── Entries shown

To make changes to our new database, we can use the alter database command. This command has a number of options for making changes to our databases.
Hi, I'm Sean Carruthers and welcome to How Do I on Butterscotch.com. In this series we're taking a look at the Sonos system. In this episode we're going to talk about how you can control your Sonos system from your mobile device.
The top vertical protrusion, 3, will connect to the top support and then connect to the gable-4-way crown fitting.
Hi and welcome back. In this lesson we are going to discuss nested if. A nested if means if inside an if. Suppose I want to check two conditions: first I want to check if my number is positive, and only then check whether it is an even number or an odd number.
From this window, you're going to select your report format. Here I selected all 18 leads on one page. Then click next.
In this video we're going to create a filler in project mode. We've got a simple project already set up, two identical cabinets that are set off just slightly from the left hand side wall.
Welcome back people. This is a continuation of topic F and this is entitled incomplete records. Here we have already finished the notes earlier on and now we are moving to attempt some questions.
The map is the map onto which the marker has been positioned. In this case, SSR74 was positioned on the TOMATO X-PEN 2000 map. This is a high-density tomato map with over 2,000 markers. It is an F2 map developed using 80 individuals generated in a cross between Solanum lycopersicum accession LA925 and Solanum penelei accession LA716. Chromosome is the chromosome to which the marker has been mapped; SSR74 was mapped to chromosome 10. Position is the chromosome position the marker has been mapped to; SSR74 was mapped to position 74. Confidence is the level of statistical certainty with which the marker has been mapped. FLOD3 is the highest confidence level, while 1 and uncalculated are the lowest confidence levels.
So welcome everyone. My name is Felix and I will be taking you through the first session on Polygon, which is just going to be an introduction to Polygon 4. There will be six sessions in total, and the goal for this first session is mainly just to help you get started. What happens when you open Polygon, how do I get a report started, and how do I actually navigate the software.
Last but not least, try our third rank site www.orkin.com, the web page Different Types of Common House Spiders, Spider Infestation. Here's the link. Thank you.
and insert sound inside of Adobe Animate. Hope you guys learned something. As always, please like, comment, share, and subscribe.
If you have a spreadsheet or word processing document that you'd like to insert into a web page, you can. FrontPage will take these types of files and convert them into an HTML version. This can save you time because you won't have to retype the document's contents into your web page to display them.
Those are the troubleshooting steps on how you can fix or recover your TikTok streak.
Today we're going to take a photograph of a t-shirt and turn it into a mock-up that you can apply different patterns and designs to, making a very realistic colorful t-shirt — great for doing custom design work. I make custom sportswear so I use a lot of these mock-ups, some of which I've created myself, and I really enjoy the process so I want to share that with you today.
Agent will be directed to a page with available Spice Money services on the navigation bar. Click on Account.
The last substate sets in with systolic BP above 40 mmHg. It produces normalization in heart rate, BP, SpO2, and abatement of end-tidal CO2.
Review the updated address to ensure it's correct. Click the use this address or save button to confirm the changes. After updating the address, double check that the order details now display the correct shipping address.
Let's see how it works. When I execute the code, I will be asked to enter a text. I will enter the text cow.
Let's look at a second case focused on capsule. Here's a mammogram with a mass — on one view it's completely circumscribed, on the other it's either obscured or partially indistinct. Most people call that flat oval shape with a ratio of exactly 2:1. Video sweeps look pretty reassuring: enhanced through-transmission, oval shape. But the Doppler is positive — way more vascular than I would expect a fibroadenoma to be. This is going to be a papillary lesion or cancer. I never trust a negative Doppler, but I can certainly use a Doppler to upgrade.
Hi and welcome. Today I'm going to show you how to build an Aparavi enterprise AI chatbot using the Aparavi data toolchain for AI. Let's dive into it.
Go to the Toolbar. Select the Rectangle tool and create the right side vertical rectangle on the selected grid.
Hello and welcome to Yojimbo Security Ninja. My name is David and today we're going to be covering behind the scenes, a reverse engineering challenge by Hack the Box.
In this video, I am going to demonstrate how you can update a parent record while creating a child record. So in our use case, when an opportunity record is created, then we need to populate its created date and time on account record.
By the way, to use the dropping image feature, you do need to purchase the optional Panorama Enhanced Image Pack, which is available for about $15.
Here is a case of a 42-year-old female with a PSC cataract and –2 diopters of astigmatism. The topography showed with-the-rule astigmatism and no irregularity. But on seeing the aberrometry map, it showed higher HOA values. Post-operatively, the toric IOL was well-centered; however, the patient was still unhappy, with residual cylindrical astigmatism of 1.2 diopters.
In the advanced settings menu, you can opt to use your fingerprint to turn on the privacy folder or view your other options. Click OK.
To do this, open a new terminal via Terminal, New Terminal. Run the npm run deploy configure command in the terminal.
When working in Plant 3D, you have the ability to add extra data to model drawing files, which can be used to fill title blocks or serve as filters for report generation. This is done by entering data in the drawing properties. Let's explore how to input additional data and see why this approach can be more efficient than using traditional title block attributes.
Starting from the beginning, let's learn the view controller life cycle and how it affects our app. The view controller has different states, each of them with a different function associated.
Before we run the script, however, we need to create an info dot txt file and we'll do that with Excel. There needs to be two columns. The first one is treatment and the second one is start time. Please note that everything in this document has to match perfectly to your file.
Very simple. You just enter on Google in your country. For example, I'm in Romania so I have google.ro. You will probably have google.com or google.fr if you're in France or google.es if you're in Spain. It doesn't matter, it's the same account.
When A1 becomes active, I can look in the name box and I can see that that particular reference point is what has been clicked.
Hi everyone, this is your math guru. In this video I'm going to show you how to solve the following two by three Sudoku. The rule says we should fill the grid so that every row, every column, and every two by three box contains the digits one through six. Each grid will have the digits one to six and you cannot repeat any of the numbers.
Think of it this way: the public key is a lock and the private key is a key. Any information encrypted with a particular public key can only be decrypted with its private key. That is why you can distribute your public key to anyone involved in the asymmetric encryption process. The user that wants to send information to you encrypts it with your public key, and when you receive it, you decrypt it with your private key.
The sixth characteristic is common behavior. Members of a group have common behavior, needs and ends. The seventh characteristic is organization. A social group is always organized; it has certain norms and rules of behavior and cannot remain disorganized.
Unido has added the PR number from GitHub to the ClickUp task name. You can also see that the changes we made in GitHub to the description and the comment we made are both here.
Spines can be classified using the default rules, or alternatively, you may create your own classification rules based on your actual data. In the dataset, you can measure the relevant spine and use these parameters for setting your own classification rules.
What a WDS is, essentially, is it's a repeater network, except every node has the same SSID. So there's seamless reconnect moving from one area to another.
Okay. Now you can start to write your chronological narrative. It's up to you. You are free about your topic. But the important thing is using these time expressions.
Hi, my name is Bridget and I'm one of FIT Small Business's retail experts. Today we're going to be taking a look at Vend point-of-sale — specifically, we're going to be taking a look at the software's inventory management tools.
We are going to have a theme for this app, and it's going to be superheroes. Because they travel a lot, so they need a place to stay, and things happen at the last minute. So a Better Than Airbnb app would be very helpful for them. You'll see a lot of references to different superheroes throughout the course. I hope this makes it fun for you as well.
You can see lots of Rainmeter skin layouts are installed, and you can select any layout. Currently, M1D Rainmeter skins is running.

────

The first line of the entries above marks where to begin; repeat each line exactly through the one that contains "Welcome back people.", and include that line.

To make changes to our new database, we can use the alter database command. This command has a number of options for making changes to our databases.
Hi, I'm Sean Carruthers and welcome to How Do I on Butterscotch.com. In this series we're taking a look at the Sonos system. In this episode we're going to talk about how you can control your Sonos system from your mobile device.
The top vertical protrusion, 3, will connect to the top support and then connect to the gable-4-way crown fitting.
Hi and welcome back. In this lesson we are going to discuss nested if. A nested if means if inside an if. Suppose I want to check two conditions: first I want to check if my number is positive, and only then check whether it is an even number or an odd number.
From this window, you're going to select your report format. Here I selected all 18 leads on one page. Then click next.
In this video we're going to create a filler in project mode. We've got a simple project already set up, two identical cabinets that are set off just slightly from the left hand side wall.
Welcome back people. This is a continuation of topic F and this is entitled incomplete records. Here we have already finished the notes earlier on and now we are moving to attempt some questions.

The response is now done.